Élections 2026 : Retour sur un peu plus 20 ans d’histoire
9 septembre 2026
Parti québécois, Parti libéral, Coalition Avenir Québec et Québec solidaire…
Tous ont fait partie du paysage politique régional, depuis un peu plus de 20 ans.
Si l’Abitibi-Ouest a été fidèle à François Gendron durant un peu plus de quatre décennies, soit jusqu’à sa retraite, en 2018, c’est une tout autre histoire dans les circonscriptions de Rouyn-Noranda-Témiscamingue, ainsi que celle d’Abitibi-Est.
Entre 2003 et 2018, c’est une réelle lutte qui s’installe entre les libéraux et les péquistes, qui s’échangent, coup sur coup, d’une élection à l’autre, dans les deux comtés.
D’ailleurs, les deux circonscriptions ont été de véritables baromètres, puisqu’elles ont été remportées par le parti au pouvoir lors de quatre des cinq élections tenues dans cette période.

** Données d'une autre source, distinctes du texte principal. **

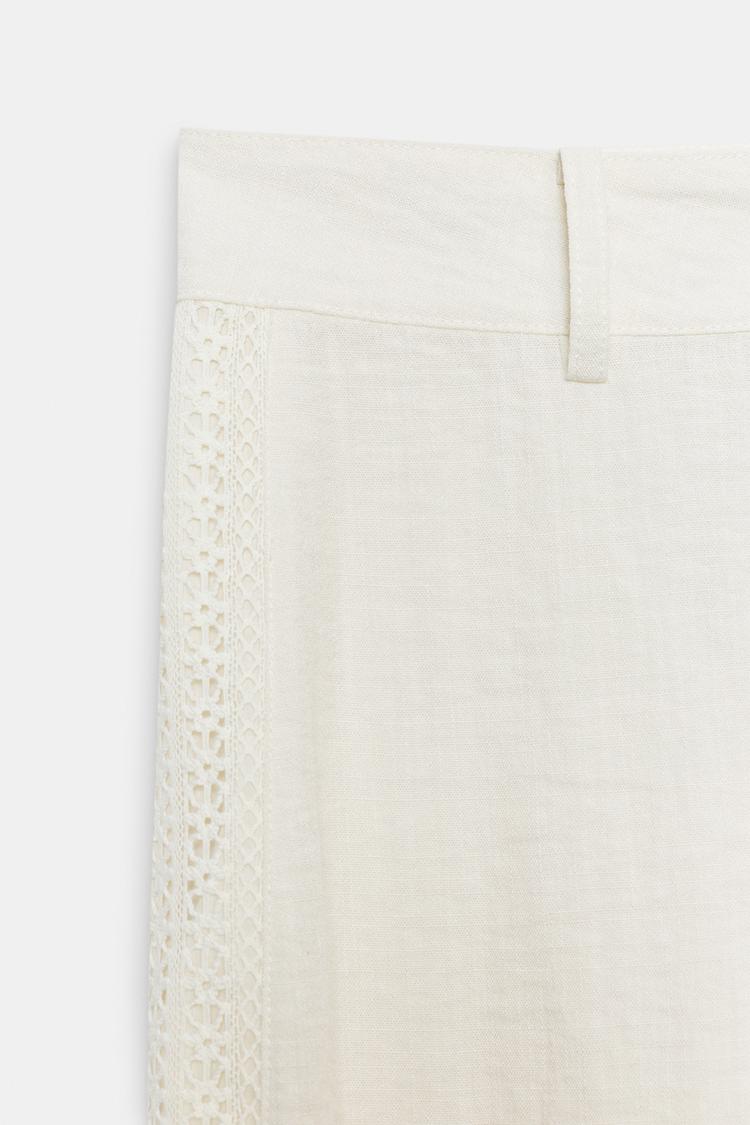 PANTALÓN CON INSERCIONES DE ENCAJE EN LOS LATERALES 8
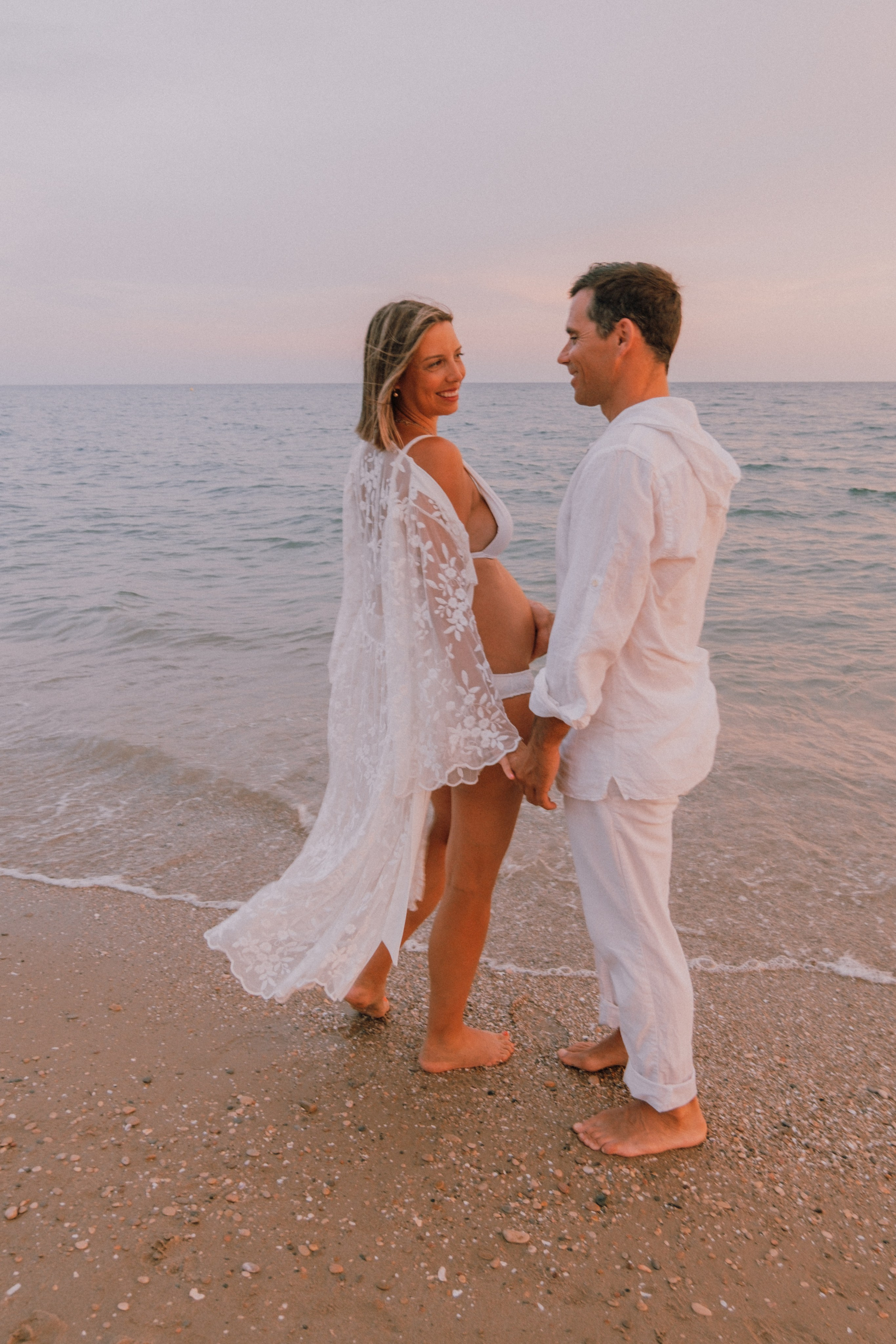 Sesión embarazo en la playa. Fotografía profesional en Calafell - Elena Medvedeva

Lors de l’élection générale de 2003, les libéraux, Daniel Bernard et Pierre Corbeil, seront le choix des électeurs dans Rouyn-Noranda-Témiscamingue et Abitibi-Est.
Des victoires qui en seront pour beaucoup dans la consolidation du gouvernement majoritaire de Jean Charest.
En 2007, le scénario sera différent.
Le Parti québécois arrachera les deux circonscriptions aux mains des libéraux et formera, du même coup, le deuxième groupe d’opposition.
C’est la fin de la majorité pour le Parti libéral.
Match revanche, à peine un an plus tard, en 2008.
Le bleu passe à nouveau au rouge, alors que Bernard et Corbeil sont à nouveau élus.
Il faut attendre quatre ans plus tard, soit en 2012, pour que le PQ reprenne pied dans la région, avec Gilles Chapadeau et Élizabeth Larouche, dans le cadre d’un mandat minoritaire de Pauline Marois
Les libéraux reprendront les circonscriptions 20 mois plus tard, soit en avril 2014
L’élection de 2018 marque un tournant dans l’histoire politique régionale.
Puisque Rouyn-Noranda-Témiscamingue fait élire Émilise Lessard-Therrien, la première députée de Québec solidaire, en dehors des grands centres.
Il s’agit également de la première fois, depuis la création du comté, en 1981, qu’une formation politique autre que les libéraux ou encore les péquistes remporte le suffrage.
L’Abitibi-Est et Ouest vibrent quant à elle sur la vague caquiste, alors que Pierre Dufour et Suzanne Blais sont élues.
Une première pour le Parti dans la région.
L’Abitibi-Témiscamingue passera cependant complètement au bleu pâle, lorsque Daniel Bernard défait la députée solidaire en 2022, briguant ainsi un troisième mandat, mais cette fois-ci sous les couleurs du Parti de François Legault.
Même si rien n’est joué, le Parti québécois semble vouloir faire un retour dans la région.
Il restera désormais à savoir si l’Abitibi-Témiscamingue écrira un nouveau chapitre de sa riche histoire politique, le 5 octobre prochain.